Indonesia sebagai negara kepulauan dan maritim yang berbatasan langsung dengan kurang lebih 10 negara tetangga di wilayah darat maupun laut, menjadi Negara yang mempunyai beban dan tantangan berat dalam pengelolaan dan pengamanan di wilayah perbatasannya. Sejak awal kemerdekaan, 63 tahun silam, Indonesia sudah terbiasa menghadapi masalah-masalah perbatasan.
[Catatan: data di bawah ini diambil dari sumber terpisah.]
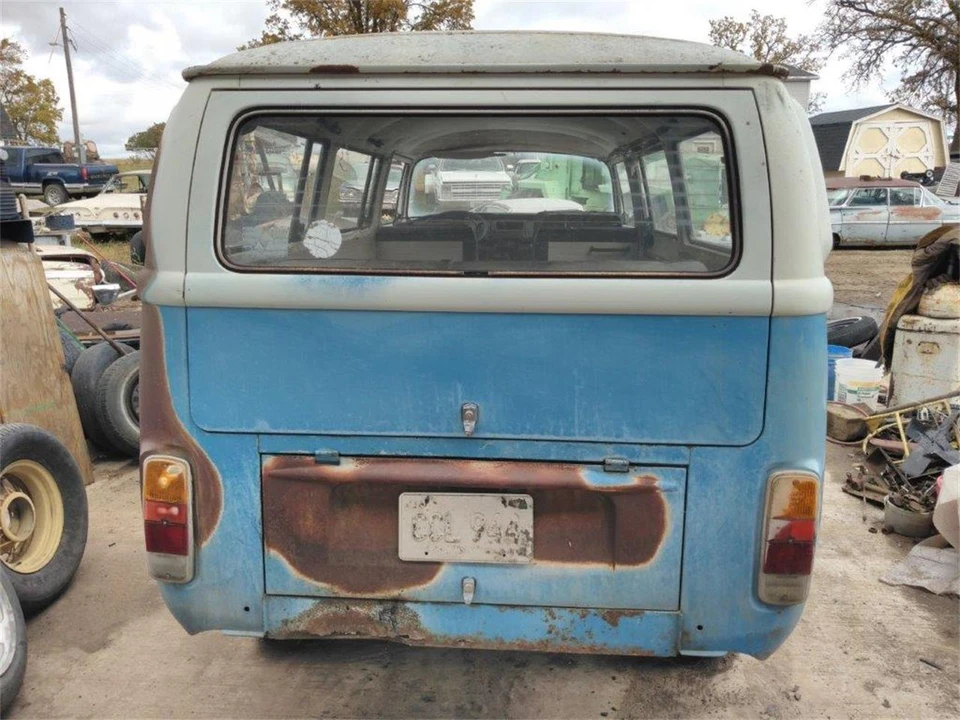 1973 Volkswagen Bay-Window Bus - Image 6 of 12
Namun, ironisnya, kondisi itu berlangsung hingga kini dan belum tertangani dengan baik. Sebuah formula yang efektif diperlukan untuk menjawab berbagai persoalan yang terkait dengan perbatasan. Karena masalah yang timbul di wilayah perbatasan lambat laun akan menjadi sumber ancaman atas ketahanan nasional dan lebih lanjut pada keberlangsungan dan kedaulatan (sovereignity) negara. Oleh karena itu wacana strategi manajemen wilayah perbatasan harus dituntaskan hingga mencapai satu titik solusi yang bisa menjawab persoalan yang muncul. Selanjutnya, dibuthkan satu kerangka kerja yang lebih kongkrit dan memadai untuk mengatasi persoalan-persoalan pengelolaan dan pengamanan tersebut. Selama ini, pendekatan yang digunakan untuk mengelola wilayah perbatasan sangat inward looking. Dimana wilayah perbatasan sebagai teritorial garis terdepan Indonesia, diasumsikan sebagai ancaman, dan pendekatan keamanan menjadi satu-satunya pendekatan utama. Mengingat bahwa bentuk ancaman kontemporer di wilayah perbatasan tidak lagi bersifat ancaman militer yang konvensional, maka formulasi penanganan yang mengedepankan aspek pertahanan dan keamanan semata dirasa sudah tidak lagi relevan. Pendekatan pertahanan dan keamanan yang dominan militeristik tanpa memperhatikan aspek kemakmuran masyarakat setempat terbukti telah gagal menyelesaikan persoalan. Karena pada kenyataannya, masalah yang muncul di perbatasan, seringkali datang dari faktor internal seperti ekonomi, sosial dan politik, bukan dari faktor eksternal. Kesan wilayah perbatasan sebagai daerah tertinggal dan terisolir, jauh dari jangkauan tehknologi, informasi dan pembangunan tampak mengemuka dan seolah-olah tak sanggup dipecahkan. Padahal penduduk daerah-daerah perbatasan inilah yang menjadi garda terdepan negara kita. Pencitraan yang miring terhadap daerah perbatasan, menjadikan penduduk di wilayah ini seolah- olah menjadi bangsa asing di negeri sendiri.